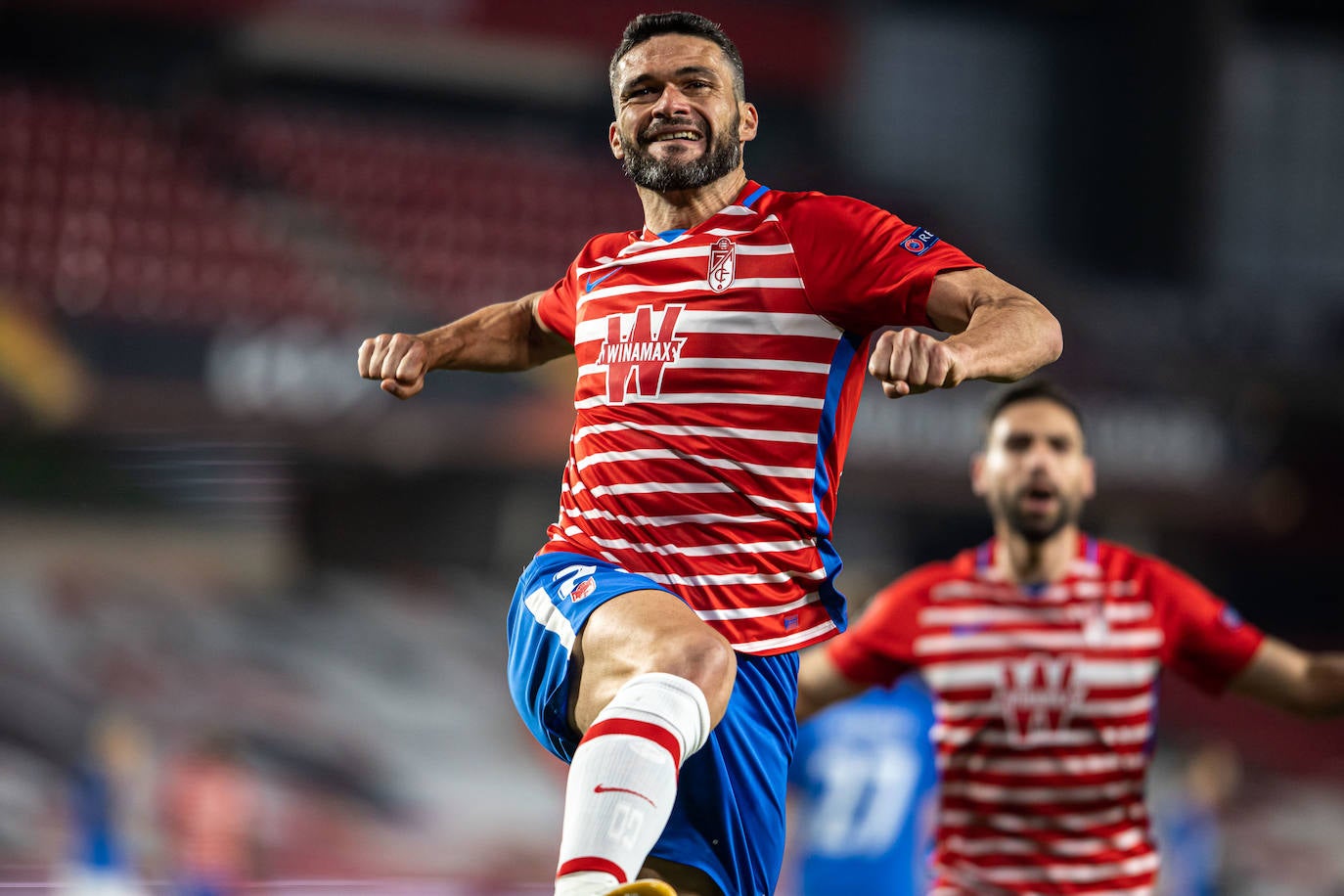 Fotos: Las mejores imágenes del partido Granada-Molde de Europa League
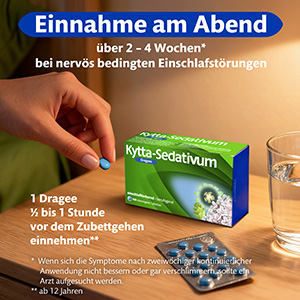 Verpackung und Blister von Kytta Sedativum Dragees werden gezeigt. Eine Frauenhand hält ein Dragee zwischen Daumen und Zeigefinger. Auch ein Glas Wasser ist zu sehen. Der Text sagt: Einnahme am Abend über 2 bis 4 Wochen bei nervös bedingten Einschlafstörungen. Ein Dragee sollte eine halbe bis eine Stunde vor dem Zubettgehen eingenommen werden. Ab 12 Jahren.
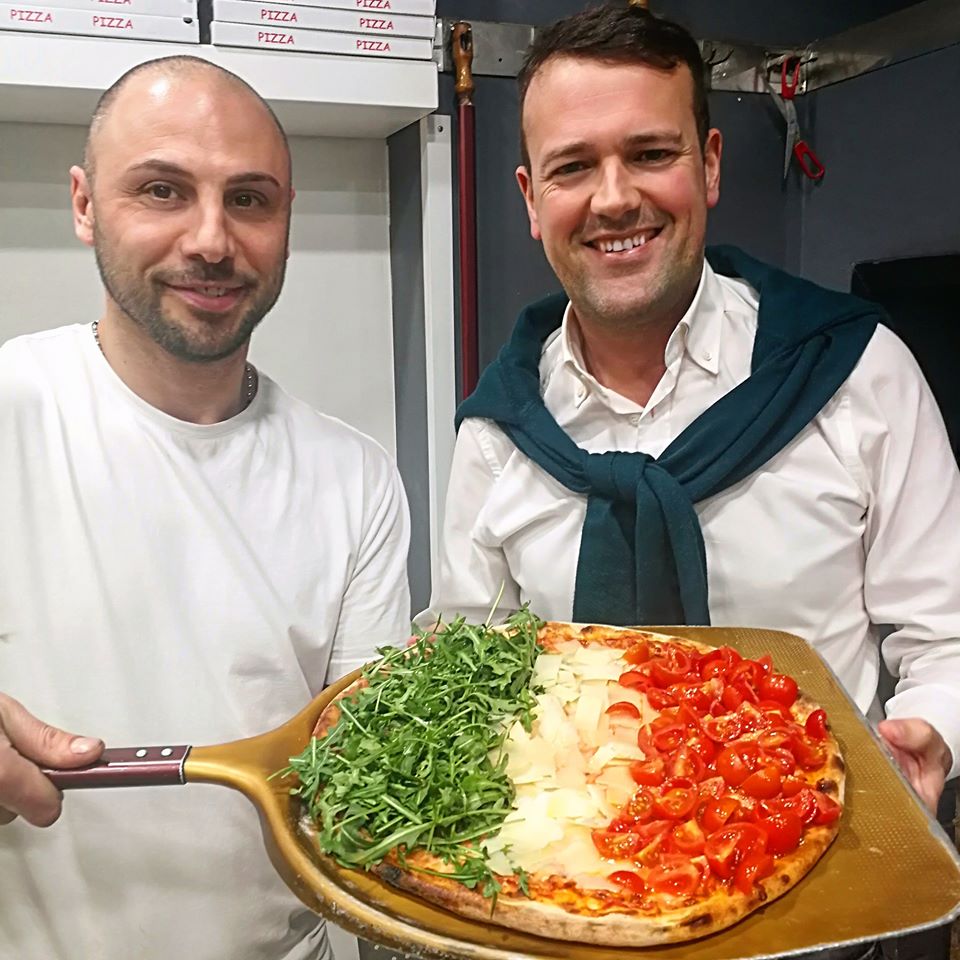Alla pizza al Coronavirus della tv francese Dante risponde con quella tricolore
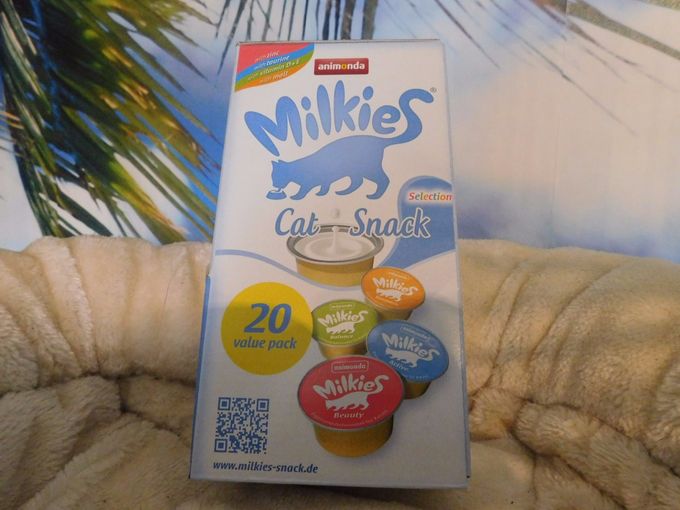 Die neue Art zu snacken. Die leckeren Milkies passen immer. Egal, ob als Belohnungs-Snack zwischendurch, als Topping über das Futter oder als Zugabe ins Trinkwasser. Natürlich, glutenarm und leicht verdaulich.

Inhaltsstoffe / Zutaten
Analytische Bestandteile: Protein 6 %, Fettgehalt 7,5 %, Rohfaser 0,2 %, Rohasche 1,5 %, Feuchtigkeit 76 % Zusatzstoffe pro kg; Ernährungsphysiologische Zusatzstoffe: Vitamin D3 50 IE, 15 mg Vitamin E, 350 mg Taurin, 10,2 g Zinksulfat, Monohydrat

EXERCISE BRIEF:
Please reproduce the listing exactly from its opening line through the line that contains "Alla pizza al", both included, with all pictures omitted.

EXERCISE OUTPUT:
 Fotos: Las mejores imágenes del partido Granada-Molde de Europa League
 Verpackung und Blister von Kytta Sedativum Dragees werden gezeigt. Eine Frauenhand hält ein Dragee zwischen Daumen und Zeigefinger. Auch ein Glas Wasser ist zu sehen. Der Text sagt: Einnahme am Abend über 2 bis 4 Wochen bei nervös bedingten Einschlafstörungen. Ein Dragee sollte eine halbe bis eine Stunde vor dem Zubettgehen eingenommen werden. Ab 12 Jahren.
Alla pizza al Coronavirus della tv francese Dante risponde con quella tricolore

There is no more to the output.